Chaque année les départements transmettent aux services de l’État leurs comptes administratifs, votées en assemblée plénière, afin que ceux-ci vérifient la sincérité de recettes et des dépenses réalisées. En annexe de ces documents, on trouve le récapitulatif des subventions accordées. Cette transmission doit s’effectuer de manière électronique pour les Départements depuis 2020 en vertu des articles 106 à 111 de la Loi n° 2015-991 du 7 août 2015 portant nouvelle organisation territoriale de la République. Malgré cela plusieurs autorités départementales nous ont répondu en nous indiquant la section de leur site Internet où étaient publiés leurs comptes administratifs au format PDF ou la liste de leurs délibérations (également en PDF).

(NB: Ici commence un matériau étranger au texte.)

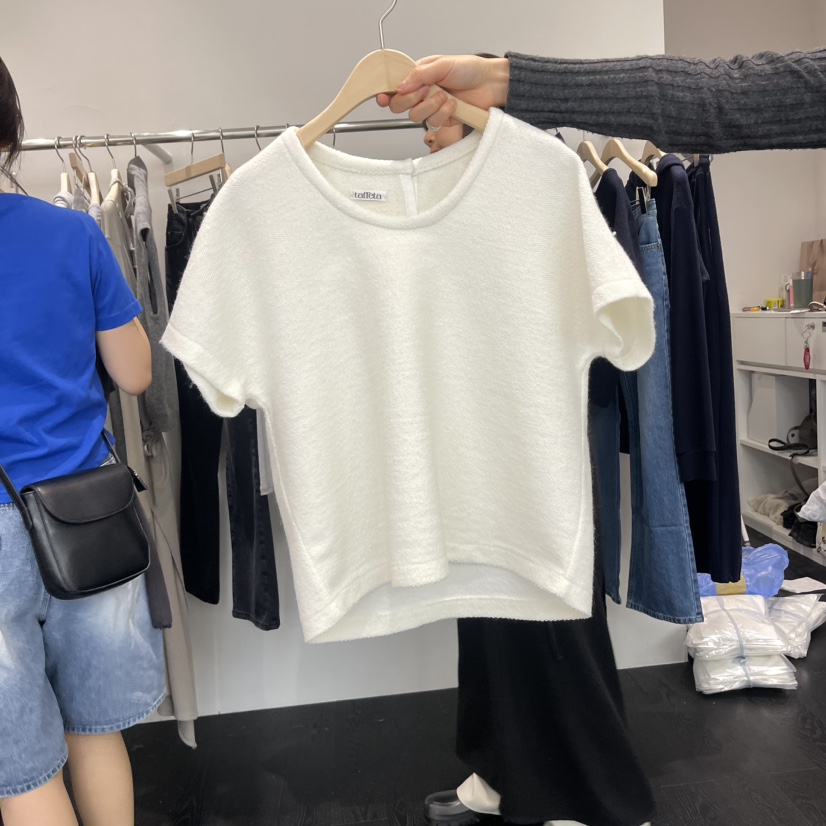 TAFFETA直郵韓國代購女裝新款職業真品熱賣時尚休閑T恤花呢TAFFETAT恤
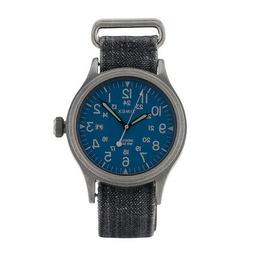 orologio scout ottone 40mm argento blu cinturino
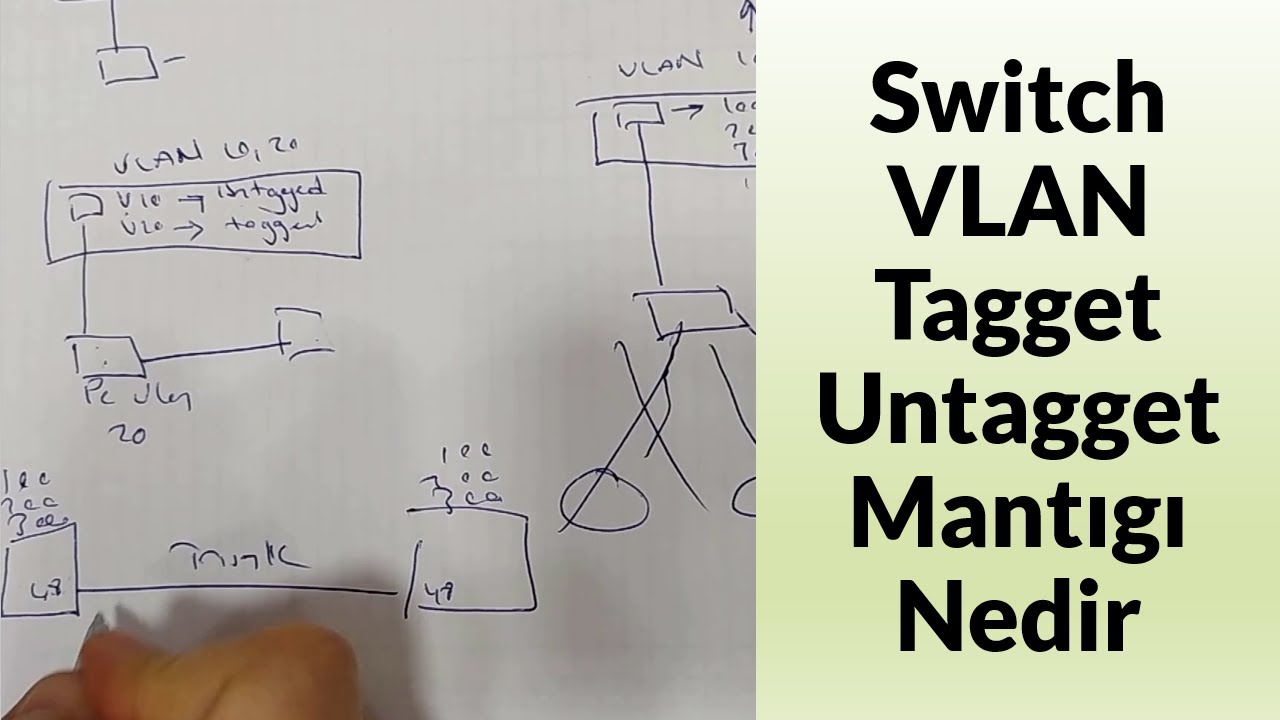 Switch VLAN Tagget Untagget Mantığı Nedir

Ce type de réponse témoigne, on l’espère, d’un manque de culture numérique. Sinon elle pourrait être interprétée comme une obstruction à l’exercice du droit d’accès à l’information.
La transparence financière, enjeu des prochaines élections locales ?
Alors que la plupart des obligations faites aux autorités publiques locales en matière de transparence financière ont été réglementée par décret ou arrêté depuis 2 à 4 ans, certaines autorités publiques n’ont pas hésité à invoquer la crise sanitaire ou le coût de production des données demandées pour justifier leur incapacité à répondre positivement à nos demandes d’accès. Bien que la France jouisse d’un rang flatteur dans le baromètre des données ouvertes établi par la fondation Word Wild Web il nous est permis de douter de la capacité à rendre compte de l’action publique au niveau local. A quelques mois des échéances électorales, il y a fort à parier que cet enjeu sera à nouveau absent des débats et des programmes contribuant ainsi à approfondir le désenchantement des citoyennes et citoyens français pour leurs représentantes et représentants politiques.